* _Required work_:
Beginning with the line that holds "22 1/2 In One" in the data below, give again every line through the one that holds "Genuine Burmese Jade", exactly as written.

* _Information shown_:

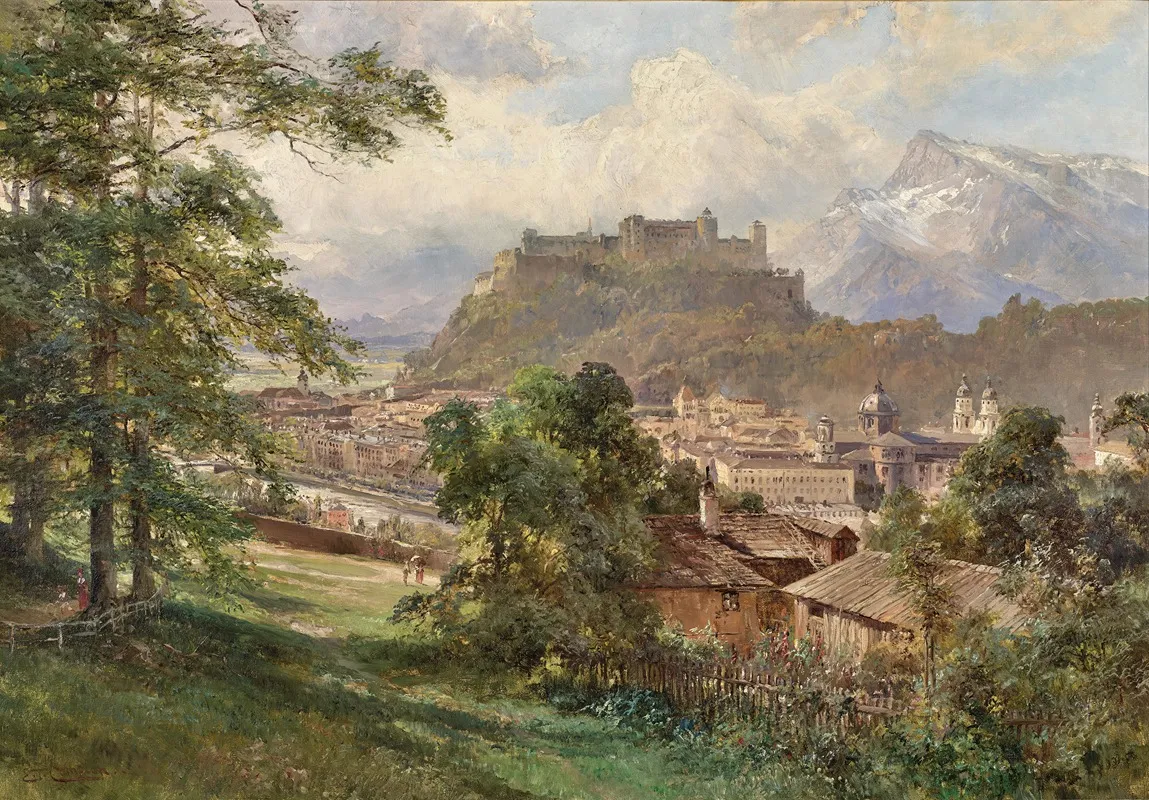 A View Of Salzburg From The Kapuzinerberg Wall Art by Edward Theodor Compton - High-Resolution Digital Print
* * *
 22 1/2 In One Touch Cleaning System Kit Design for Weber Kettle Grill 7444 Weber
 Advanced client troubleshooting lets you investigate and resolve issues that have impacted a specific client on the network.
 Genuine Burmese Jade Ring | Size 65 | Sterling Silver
---
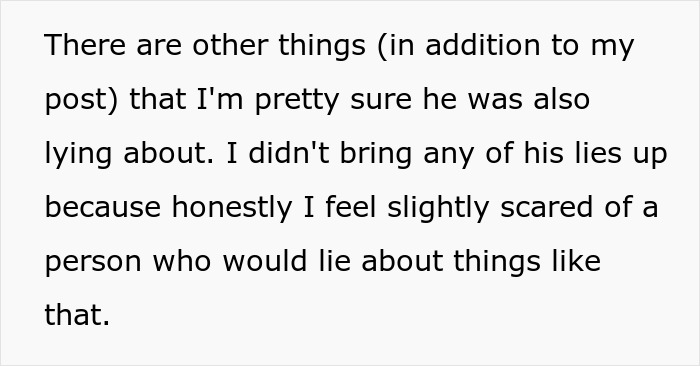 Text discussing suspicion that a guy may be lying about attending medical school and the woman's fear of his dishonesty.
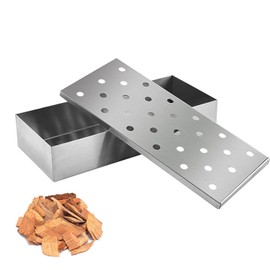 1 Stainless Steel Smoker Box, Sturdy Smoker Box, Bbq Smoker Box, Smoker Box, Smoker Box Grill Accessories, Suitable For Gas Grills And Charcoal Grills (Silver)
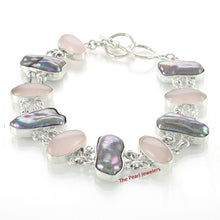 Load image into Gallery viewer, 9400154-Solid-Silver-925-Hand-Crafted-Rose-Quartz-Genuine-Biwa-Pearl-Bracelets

* _Exercise result_:
 22 1/2 In One Touch Cleaning System Kit Design for Weber Kettle Grill 7444 Weber
 Advanced client troubleshooting lets you investigate and resolve issues that have impacted a specific client on the network.
 Genuine Burmese Jade Ring | Size 65 | Sterling Silver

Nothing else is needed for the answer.